Ames, an old friend, touched his arm. “There’s nothing here, Linden. I mean nothing. No signs of a struggle, no forced entry. Video of the hallway verifies the report of the agents on the door. If the president was abducted by force there is no sign of it. Nothing.”

Brierly lowered his voice to a sharp, confidential tone. “That’s not acceptable, Lyle. I just had my ass handed to me by our new president. He’s sending some agents from his Cyber Crimes Task Force and he expects us to cooperate with them. If there’s anything to find I want us to find it, not them.”

Ames grunted. “The only thing we have is something two agents found on the lawn. They found it during the first sweep of the groups, so the timing fits, but we have no idea what it is or what it means.” He produced a high-res color print and handed it to Brierly. “It’s about ten feet across, so to get a clear picture I had to put a guy in a helicopter.”

Brierly frowned at the image. “This was on the lawn?”

“Pressed into it, yes.”

The pattern was odd but orderly; a strange ratcheted pattern, radiating out clockwise from a smaller circle at its center. On the top arc of the circle were three smaller circles in descending size.

“What is it?”

“I don’t know. It’s not the symbol of any terrorist organization I’ve ever heard of. We’re running it through the symbols and logos database.”

“Are you sure this was left by whoever abducted the president?” asked Brierly.

“Not sure of any damn thing,” confessed Ames. “It was on the lawn and the agents walking the grounds say that it wasn’t there before the alert.”

“I want to see the surveillance cameras for this part of the lawn.”

Ames cleared his throat. “Those cameras have a four-minute window where all they show is static. The pattern is not there before the static and
is
there afterward.”

“Shit.”

“Yeah.”

“Collins is going to call that a cyber-attack and he’ll use it to take this whole thing away from us.”

“I know.”

“Besides—it’s bullshit,” snapped Brierly as he slapped the picture against Ames’s chest. “You can’t make something this big and complicated in four minutes. Come on, Lyle, I don’t need fucking fairy stories right now. Give me some actual goddamn evidence.”

Ames colored. “Linden, I’m giving you what we have and aside from this thing on the lawn we have nothing. We’re working everything. We have the first lady downstairs. I spoke with her already, but she said she slept through it and didn’t wake up at all until Gil and the door team entered the room.”

Brierly searched his face and took Ames by the elbow, pulling him out of earshot of the other agents. “And—?”

“And I believe her. We can ask her to take a polygraph, but I know what it will say.”
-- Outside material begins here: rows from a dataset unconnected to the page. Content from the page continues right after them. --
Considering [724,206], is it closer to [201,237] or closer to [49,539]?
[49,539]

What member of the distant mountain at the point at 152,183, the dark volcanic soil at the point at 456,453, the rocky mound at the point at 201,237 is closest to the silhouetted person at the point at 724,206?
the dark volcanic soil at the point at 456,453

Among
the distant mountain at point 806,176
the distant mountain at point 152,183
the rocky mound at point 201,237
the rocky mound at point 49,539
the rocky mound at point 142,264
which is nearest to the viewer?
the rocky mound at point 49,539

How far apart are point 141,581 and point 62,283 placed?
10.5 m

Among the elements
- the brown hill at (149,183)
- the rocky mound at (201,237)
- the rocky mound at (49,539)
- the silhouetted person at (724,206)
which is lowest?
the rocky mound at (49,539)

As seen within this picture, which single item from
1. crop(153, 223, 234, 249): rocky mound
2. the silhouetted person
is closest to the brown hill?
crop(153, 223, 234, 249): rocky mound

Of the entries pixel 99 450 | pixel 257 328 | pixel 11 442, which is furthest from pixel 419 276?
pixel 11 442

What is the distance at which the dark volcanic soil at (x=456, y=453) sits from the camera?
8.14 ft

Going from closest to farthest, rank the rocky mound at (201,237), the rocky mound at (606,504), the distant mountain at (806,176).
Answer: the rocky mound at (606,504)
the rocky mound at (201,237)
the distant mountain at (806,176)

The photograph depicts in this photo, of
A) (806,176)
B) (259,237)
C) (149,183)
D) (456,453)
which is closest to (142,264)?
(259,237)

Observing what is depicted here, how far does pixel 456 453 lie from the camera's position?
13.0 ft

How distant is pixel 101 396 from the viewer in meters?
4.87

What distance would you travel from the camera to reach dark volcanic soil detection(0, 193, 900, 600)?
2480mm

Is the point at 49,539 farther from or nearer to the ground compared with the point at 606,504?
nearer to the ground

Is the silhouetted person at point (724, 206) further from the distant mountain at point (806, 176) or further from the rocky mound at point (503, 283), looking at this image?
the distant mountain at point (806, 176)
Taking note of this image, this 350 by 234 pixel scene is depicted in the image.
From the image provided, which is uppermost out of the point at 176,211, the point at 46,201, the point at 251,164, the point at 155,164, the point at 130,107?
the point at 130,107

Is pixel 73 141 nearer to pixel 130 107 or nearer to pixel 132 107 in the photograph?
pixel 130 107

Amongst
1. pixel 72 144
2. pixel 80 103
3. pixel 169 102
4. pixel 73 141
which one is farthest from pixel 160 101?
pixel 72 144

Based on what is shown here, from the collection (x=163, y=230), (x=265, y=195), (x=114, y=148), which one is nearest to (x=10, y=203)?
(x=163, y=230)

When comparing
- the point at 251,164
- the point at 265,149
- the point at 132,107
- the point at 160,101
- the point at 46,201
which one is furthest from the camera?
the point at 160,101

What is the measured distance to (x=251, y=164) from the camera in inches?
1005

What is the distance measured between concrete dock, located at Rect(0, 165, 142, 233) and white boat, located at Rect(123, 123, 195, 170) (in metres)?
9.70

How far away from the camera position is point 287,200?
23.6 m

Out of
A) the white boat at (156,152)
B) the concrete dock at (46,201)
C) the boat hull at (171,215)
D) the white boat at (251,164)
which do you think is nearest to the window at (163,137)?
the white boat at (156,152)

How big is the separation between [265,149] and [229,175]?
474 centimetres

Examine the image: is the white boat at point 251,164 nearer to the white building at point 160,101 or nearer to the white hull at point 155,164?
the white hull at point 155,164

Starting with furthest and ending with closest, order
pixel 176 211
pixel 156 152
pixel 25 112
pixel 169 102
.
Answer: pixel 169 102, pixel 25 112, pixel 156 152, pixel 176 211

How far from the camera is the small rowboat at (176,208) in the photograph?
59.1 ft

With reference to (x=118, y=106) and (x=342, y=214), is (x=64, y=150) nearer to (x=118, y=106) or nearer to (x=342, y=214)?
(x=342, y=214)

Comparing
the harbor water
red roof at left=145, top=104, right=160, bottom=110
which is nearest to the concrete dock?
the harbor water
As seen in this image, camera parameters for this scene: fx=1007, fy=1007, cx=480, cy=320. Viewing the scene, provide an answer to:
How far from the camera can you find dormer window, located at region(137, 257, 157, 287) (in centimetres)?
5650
“Will she consent to a blood test?”

Ames nodded. “Already has. She insisted we do it, and she wants those results as badly as we do. We’re also running tests on the glass of water beside the president’s bed, his toothpaste, pills in all of the bottles in the medicine cabinet…”
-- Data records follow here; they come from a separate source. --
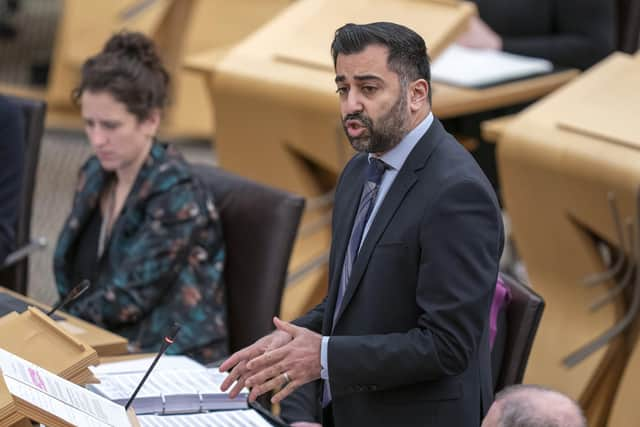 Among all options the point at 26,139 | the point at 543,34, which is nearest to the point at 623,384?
the point at 26,139

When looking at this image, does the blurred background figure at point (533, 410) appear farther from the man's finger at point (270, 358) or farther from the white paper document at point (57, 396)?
the white paper document at point (57, 396)

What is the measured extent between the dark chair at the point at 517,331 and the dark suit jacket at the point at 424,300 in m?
0.41

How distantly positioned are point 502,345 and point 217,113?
69.3 inches

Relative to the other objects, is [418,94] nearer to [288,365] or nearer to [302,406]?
[288,365]

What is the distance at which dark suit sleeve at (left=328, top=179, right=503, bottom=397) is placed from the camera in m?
1.85

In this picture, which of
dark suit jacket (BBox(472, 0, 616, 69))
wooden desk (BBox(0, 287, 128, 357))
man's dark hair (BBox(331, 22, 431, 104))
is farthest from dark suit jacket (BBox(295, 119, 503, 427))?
dark suit jacket (BBox(472, 0, 616, 69))

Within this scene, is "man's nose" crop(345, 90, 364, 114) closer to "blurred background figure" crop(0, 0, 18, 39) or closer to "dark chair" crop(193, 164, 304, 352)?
"dark chair" crop(193, 164, 304, 352)

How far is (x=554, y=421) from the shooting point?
5.58ft

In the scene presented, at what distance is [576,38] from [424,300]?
3.32 meters

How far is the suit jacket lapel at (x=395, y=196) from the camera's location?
193cm

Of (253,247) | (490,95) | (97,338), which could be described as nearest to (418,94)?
(97,338)

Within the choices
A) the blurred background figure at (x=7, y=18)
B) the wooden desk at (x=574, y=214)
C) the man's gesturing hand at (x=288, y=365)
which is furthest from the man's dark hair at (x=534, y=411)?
the blurred background figure at (x=7, y=18)

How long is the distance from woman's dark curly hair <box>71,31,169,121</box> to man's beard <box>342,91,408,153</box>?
3.59 ft

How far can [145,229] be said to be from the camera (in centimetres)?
288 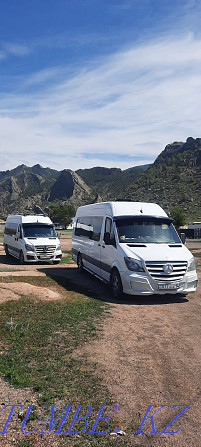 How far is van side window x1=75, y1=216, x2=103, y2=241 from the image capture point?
12156 millimetres

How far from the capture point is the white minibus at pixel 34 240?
54.8 ft

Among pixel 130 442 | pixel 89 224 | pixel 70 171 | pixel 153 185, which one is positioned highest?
pixel 70 171

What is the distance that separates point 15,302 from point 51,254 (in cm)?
863

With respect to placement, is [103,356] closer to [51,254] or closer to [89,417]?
[89,417]

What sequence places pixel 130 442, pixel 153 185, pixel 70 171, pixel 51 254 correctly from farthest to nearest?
pixel 70 171
pixel 153 185
pixel 51 254
pixel 130 442

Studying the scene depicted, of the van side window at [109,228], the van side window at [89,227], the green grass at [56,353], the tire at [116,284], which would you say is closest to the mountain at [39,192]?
the van side window at [89,227]

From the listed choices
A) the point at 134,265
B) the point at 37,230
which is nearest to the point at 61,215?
the point at 37,230

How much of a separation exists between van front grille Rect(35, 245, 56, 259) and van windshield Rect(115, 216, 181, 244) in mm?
6819

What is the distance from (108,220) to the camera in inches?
445

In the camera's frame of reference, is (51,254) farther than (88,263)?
Yes

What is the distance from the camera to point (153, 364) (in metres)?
5.42

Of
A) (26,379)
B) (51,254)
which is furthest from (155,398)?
(51,254)

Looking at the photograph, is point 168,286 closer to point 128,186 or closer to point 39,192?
point 128,186

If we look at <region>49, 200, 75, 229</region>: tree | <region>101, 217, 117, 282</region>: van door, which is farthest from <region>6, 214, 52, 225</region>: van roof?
<region>49, 200, 75, 229</region>: tree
“He doesn’t take a lot of pills.”

“I know, most of them are vitamin supplements, but we don’t know if he took anything tonight. Or if the first lady took anything. She says that she doesn’t even remember lying down.”

“What does that mean?”

“It’s what she said. She and the president came into the residence, changed into pajamas, and that’s it. That’s all she remembers before the agents opened the door and woke her up.”

“How was she when she woke up?”

“Borderline hysterical, but that was a reaction to the events. She didn’t appear logy or dazed. None of the reactions you’d expect from a chemical sedative. Even so, there might have been something in her system, maybe slipped into something she ate or drank. We’ll look for contact substances, too—something that could have been placed on a surface they might have touched.”
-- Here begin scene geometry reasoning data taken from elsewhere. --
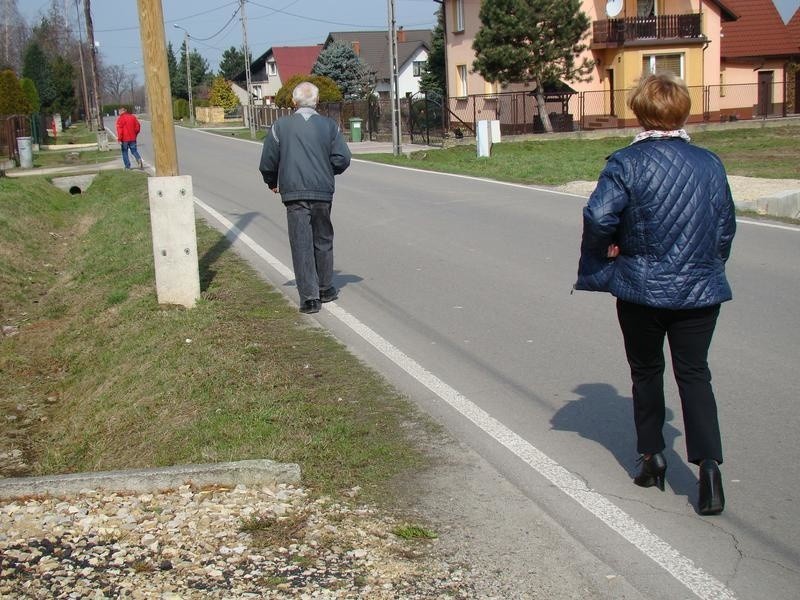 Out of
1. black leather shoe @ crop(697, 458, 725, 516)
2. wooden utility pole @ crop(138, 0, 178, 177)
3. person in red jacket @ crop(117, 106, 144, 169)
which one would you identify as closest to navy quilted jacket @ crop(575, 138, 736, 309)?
black leather shoe @ crop(697, 458, 725, 516)

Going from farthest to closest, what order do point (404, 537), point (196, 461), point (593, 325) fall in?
point (593, 325), point (196, 461), point (404, 537)

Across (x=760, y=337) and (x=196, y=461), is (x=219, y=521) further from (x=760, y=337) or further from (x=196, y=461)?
(x=760, y=337)

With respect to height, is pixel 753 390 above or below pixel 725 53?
below

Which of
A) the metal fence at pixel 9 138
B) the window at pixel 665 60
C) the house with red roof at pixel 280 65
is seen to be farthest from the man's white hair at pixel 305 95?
the house with red roof at pixel 280 65

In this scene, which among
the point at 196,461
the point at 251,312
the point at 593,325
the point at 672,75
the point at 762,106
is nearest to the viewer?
the point at 672,75

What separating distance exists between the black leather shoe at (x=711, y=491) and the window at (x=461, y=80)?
42526 mm

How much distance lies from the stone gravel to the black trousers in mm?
1249

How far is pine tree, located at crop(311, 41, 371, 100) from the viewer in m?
66.2

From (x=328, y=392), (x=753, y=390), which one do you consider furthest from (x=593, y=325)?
(x=328, y=392)

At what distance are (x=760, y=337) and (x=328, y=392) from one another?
3.24 meters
Brierly nodded. “What about Gil Shannon?”

“Same thing. I have two men with him now—both top interrogators–and they’re working him pretty hard. I spoke with the agents who were at the POTUS’s door and I laid it on pretty thick, too. Promise of immunity if they had anything to do with this and could provide actionable information.”

Brierly grunted. “You get approval from the attorney general?”

“No, the AG’s in Florida. I lied. I figured, fuck it.”

“What’d you get?”

“I got some very angry, very outraged agents who I think will pass a polygraph. But … they also know that they’re done as far as the Service goes.”